Nissan electric Leaf Battery, almost the entire floor of the car.
Electric car batteries to date, including the Leaf, consist of materials which provide mostly structural report but generate no power. The cost of the structural materials cost more than the electrically active components. Thus, one way in which these batteries could be improved upon is to make use of the deadweight and thus increase the efficiency of the whole battery.
This is where Chiang and his colleague’s developments come in. They are developing a battery which makes use of a black sludge nicknamed, “Cambridge crude (slurry)”. The slurry is to flow through an innovative architectural piece known as a semi-solid flow cell (SSFC) [2]. This slurry contains ions which hold the electrical charge of the battery.

One important characteristic of the new design is that it separates the two functions of the battery — storing energy until it is needed, and discharging that energy when it needs to be used — into separate physical structures. In conventional batteries, the storage and discharge both take place in the same structure. Separating these functions means that batteries can be designed more efficiently, Chiang says [3].
It is believed that the battery will be able to deliver 10 times more power, per unit volume, than conventional designs. Furthermore, cars would be able to travel at least 300 kilometres on a single charge, double what is possible with today’s batteries.

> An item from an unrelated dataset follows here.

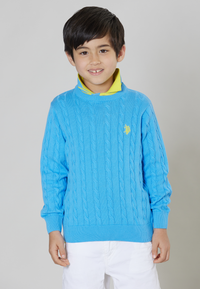 Maglia girocollo a treccia in cotone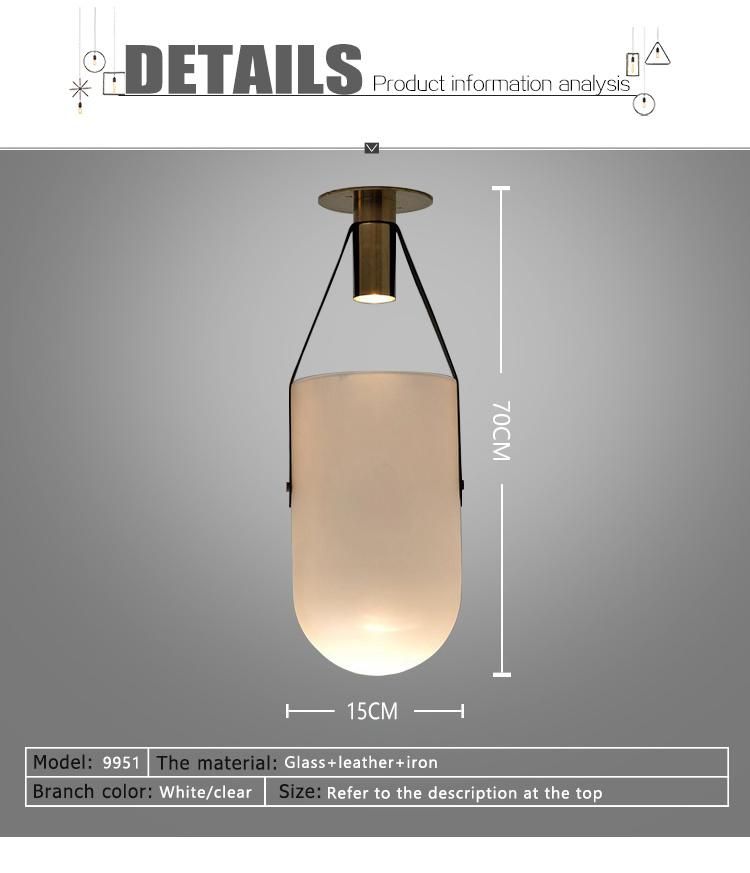 Modern Glass Bucket Leather Hanging Pendant Lamp Decoration Lighting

In addition, if it is to take off, drivers could also benefit from having up to three different methods of recharging their car battery. The first method consists of simply pumping out slurry and pumping in fresh slurry themselves. The second method is to go to a recharge station where tanks of slurry could be refreshed with new slurry. The final method would be to recharge the slurry with an electric current. In the first two cases regaining full power should only take a matter of minutes [4].
Due to the increased efficiency of the design and its ability to reduce the size and cost of the battery system i.e. getting rid of the deadweight the battery. Only then could it potentially compete with petrol, gas, or diesel vehicles. After all, if the SSFC batteries were to be of the same size as the current crop of batteries, they would have more electrically active components!
The potential of these batteries also paves away into other arenas of development. If the batteries were to be scaled up, to large sizes at low costs, they could also be suitable for large-scale electricity storage; for utilities. Intermittent, unpredictable sources such as wind and solar energy could be made more practical for powering the electric grid [3].
Yury Gogotsi, director of Drexel University’s Nanotechnology institute, says that the SSFC battery is a major breakthrough which shows that slurry-type active materials can be used effectively for storing electrical energy. Yet, he also stresses that despite its tremendous importance for future energy production and storage. Better cathode, anode, and electrolyte materials need to be found in order to make a practical, commercial version of the battery [3].
“I don’t see fundamental problems that cannot be addressed — those are primarily engineering issues. Of course, developing working systems that can compete with currently available batteries in terms of cost and performance may take years.”
Dan Steingart, City University of New York Energy Institute, refers to the technology as “beautiful”. He too adds some commentary to potential commercial development, although from a different approach. He says that even if the team manages to create a prototype car battery within five years, building the recharge stations to support it would take much longer [4].
Last year Chiang, his colleague Craig Carter and entrepreneur Throop Wilder founded a company called 24M Technologies to develop the battery [4]. The target of the team’s ongoing work, under a three-year ARPA-E grant awarded in September 2010, is to have, by the end of the grant period, “a fully-functioning, reduced-scale prototype system”; ready to be engineered for production as a replacement for existing electric-car batteries. Having raised $16 million in funding so far, and with 2013 coming soon just around the corner, perhaps we may soon see the commercial production of these batteries sooner than you think! From 2014 onwards, goodbye petrol, diesel and gas?